Trial to Avoid Loss

The Korean commercial banks are busy trying to avoid losses in relation with financial exposures of Samsung Heavy Industries.
The Korean commercial banks are busy trying to avoid losses in relation with financial exposures of Samsung Heavy Industries.

 

South Korean commercial banks are busy trying to avoid losses during the course of credit exposure reduction with regard to Samsung Heavy Industries.

Recently, commercial banks applied three-month instead of six- and 12-month loan maturities to Samsung Heavy Industries as is the case with the state-run Korea Development Bank (KDB) and the special-purpose NH Bank. In addition, the NH Bank notified the shipbuilder that it would collect its 200 billion won loan maturing in October this year in a case where the upcoming capital increase does not go well. Moreover, commercial banks are becoming increasingly reluctant to issue refund guarantees for Samsung Heavy Industries.

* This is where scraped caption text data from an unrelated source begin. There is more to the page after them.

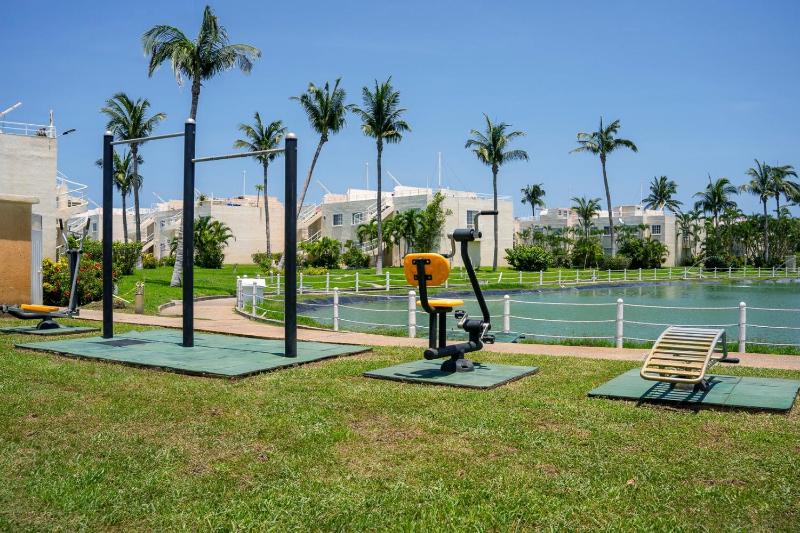 New Acapulco Retreat Garden Pool & Gym - image 3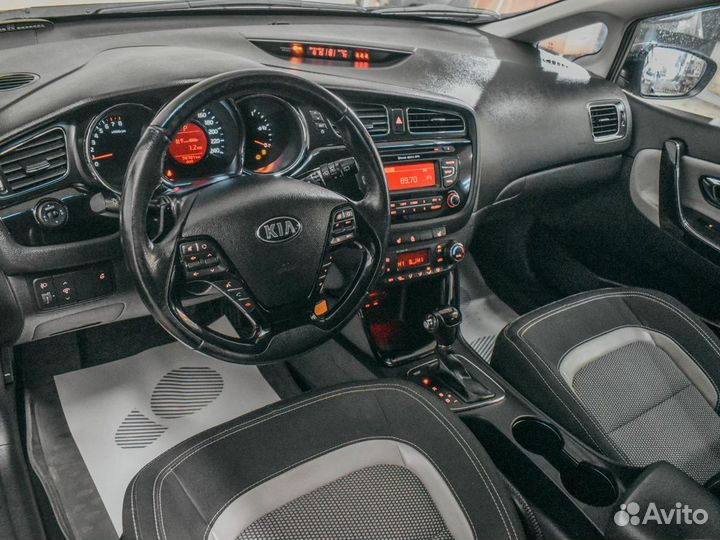 Kia Ceed 1.6 AT, 2014, 74 769 км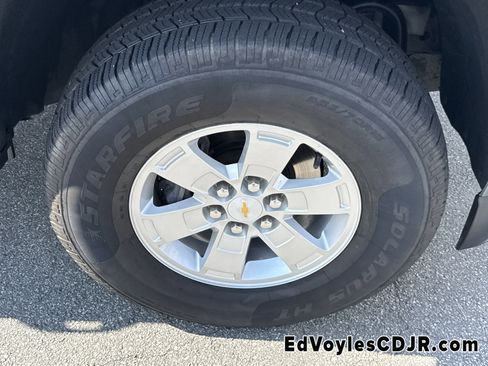 Used 2018 Chevrolet Colorado W/T w/ WT Convenience Package image 16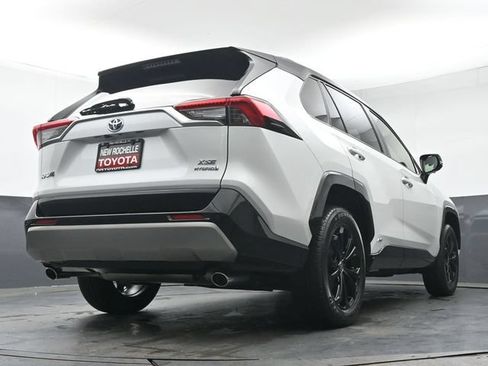 Used 2023 Toyota RAV4 XSE AWD/4WD image 39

Earlier, the maturity adjustment was regarded as an attempt to obtain the Samsung Group’s assistance in the paid-in capital increase. However, the banks remained hypercautious even after the shipbuilder’s recapitalization plan announcement, and this caused the financial authority to give a warning. “Commercial banks are buried in risk management these days,” it said, adding, “Samsung Heavy Industries has a very high ratio of commercial bank borrowings, which means commercial banks should be at the center of its restructuring, but cooperation is nowhere to be found as of now.”

As of the end of April this year, the main creditor bank KDB had a total loan of 963.4 billion won in Samsung Heavy Industries whereas the amounts were as large as 1.2354 trillion won, 1.1062 trillion won and 917 billion won for KEB Hana Bank, NH Bank and Shinhan Bank, respectively. In the case of Daewoo Shipbuilding & Marine Engineering, most of the loans pertained to the KDB and the state-run bank had to take the lead in its debt restructuring.

Such a cautious attitude of the commercial banks has to do with the lopsided portfolio of Samsung Heavy Industries that is contrary to Hyundai Heavy Industries’. “Samsung Heavy Industries is a company with too many uncertainties in that its business depends too heavily on offshore plants and is particularly vulnerable to potential problems such as delivery delay,” one of them mentioned.